Running Coding Exercises

Different stages of this course will require different compute requirements. For example, in some sections, you will be calling APIs which take up nearly zero computational resources on your own machine. In others, you will have to run an LLM with 1.6B parameters (which is ~3.29G of data). For users who cannot run models this large on their own computers (we expect this to be most students) we explain how you can run our exercises for free or for very low cost using either Google Colab or Lambda Labs.

Option #1: Local

For every notebook, we will have a link to our GitHub where you can download a notebook to run the code exercises locally on your computer. For some students, this will be the most familiar and convenient setup. For others, it may be hard to configure or slow to run.

Being able to ML code locally is an important research skill. By running code locally, you will gain experience managing python packages and optimizing for less than ideal hardware. Therefore, we encourage all students to run code locally when possible. We will indicate on the website which sections we expect to be not feasible to run locally, but we encourage this to be your default option.

For managing python packages locally, we recommend using a virtual environment. For our own internal development, we use Conda.

Option #2: Colab

Colab has both a paid and free option. We have tested all notebooks on the free version so you shouldn’t have to sign up for Colab premium.

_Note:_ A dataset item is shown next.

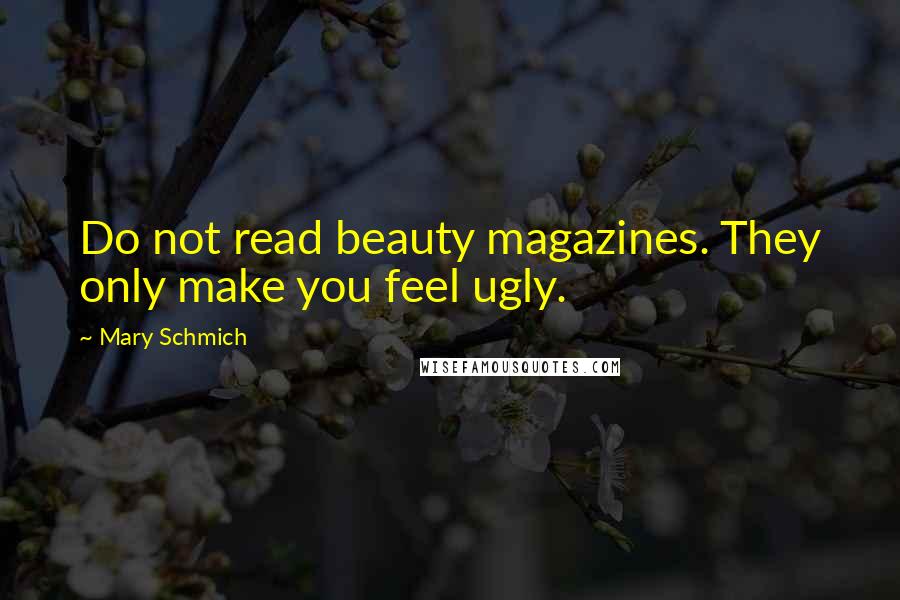 Mary Schmich quotes: Do not read beauty magazines. They only make you feel ugly.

In order to get the advantages of Colab you will have to pay careful attention to the runtime you connect to. At the top right corner you should find a dropdown with an option to “Change runtime type.” You are free to play around with the different options, but as long as you select a machine that is not “cpu” you should be fine.

Colab runtime type dropdown

Option #3: Lambda Labs

Lambda Labs is a paid service for cloud computing. There are many fairly powerful machines you can rent out for less than 5 dollars an hour. If you want even fast compute (this shouldn’t be necessary) or if you want to use the code you write in this course to play around with larger models, we highly recommend Lambda Labs.